# Goal of the exercise:
Leaving out the pictures, retype the lines from the beginning of the listing through the line containing "When we give".

# Source data:
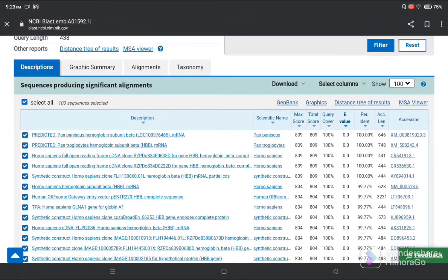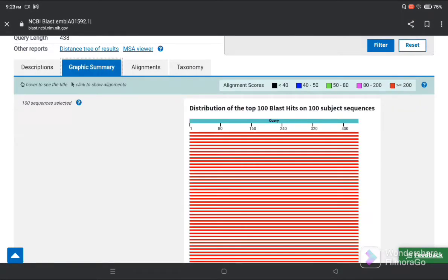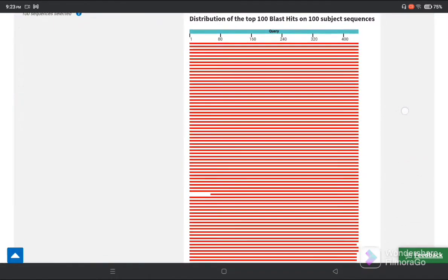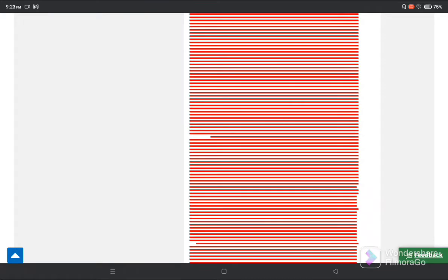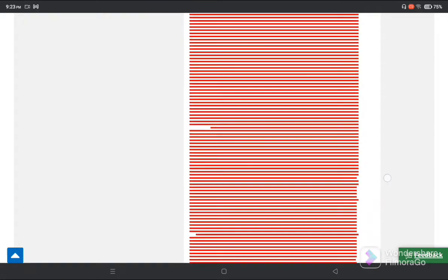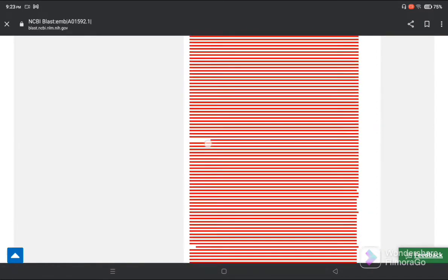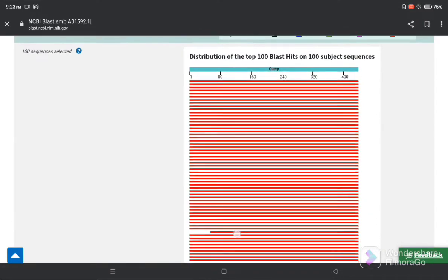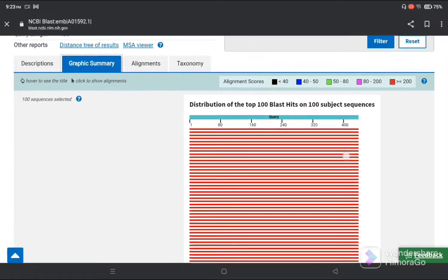This is our description. Next we go to graphic summary. As our sequence is similar, you can see the red color lines showing very similar. Only small gaps are present, but you can see almost a very similar sequence.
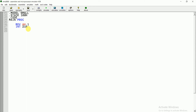When we give an input to the system, the system automatically by default keeps that input in the AL register. So after MOV AH, 1 and INT 21H, the system takes the input and stores it in AL. Now we have to print it, so we need to keep it in the DL register.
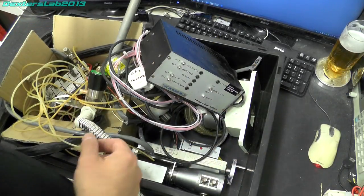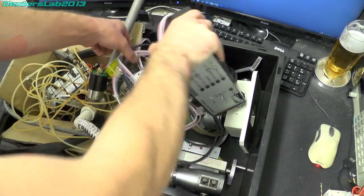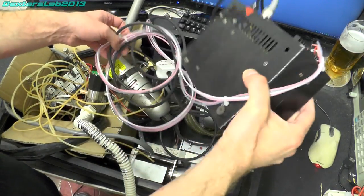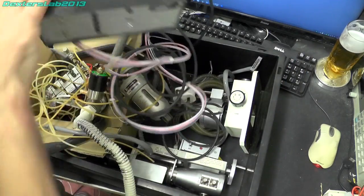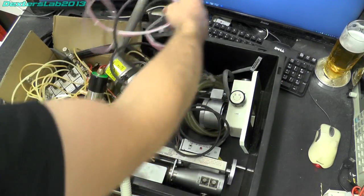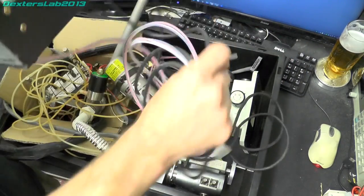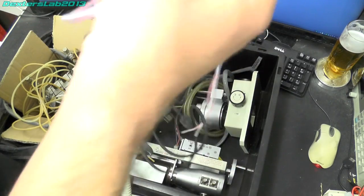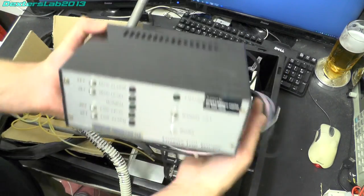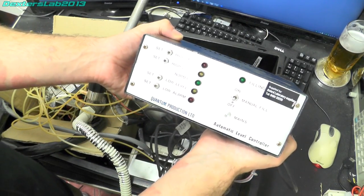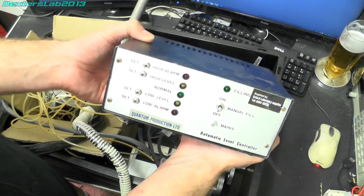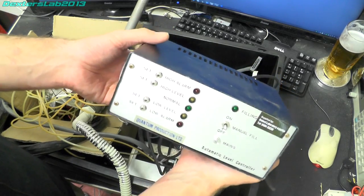Okay moving over to this larger box we have this unit here. Grab it all out, there we are. So on the front it just says it's a Quantum Production Limited automatic level controller.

# Output of the task:
This is our description. Next we go to graphic summary. As our sequence is similar, you can see the red color lines showing very similar. Only small gaps are present, but you can see almost a very similar sequence.
When we give an input to the system, the system automatically by default keeps that input in the AL register. So after MOV AH, 1 and INT 21H, the system takes the input and stores it in AL. Now we have to print it, so we need to keep it in the DL register.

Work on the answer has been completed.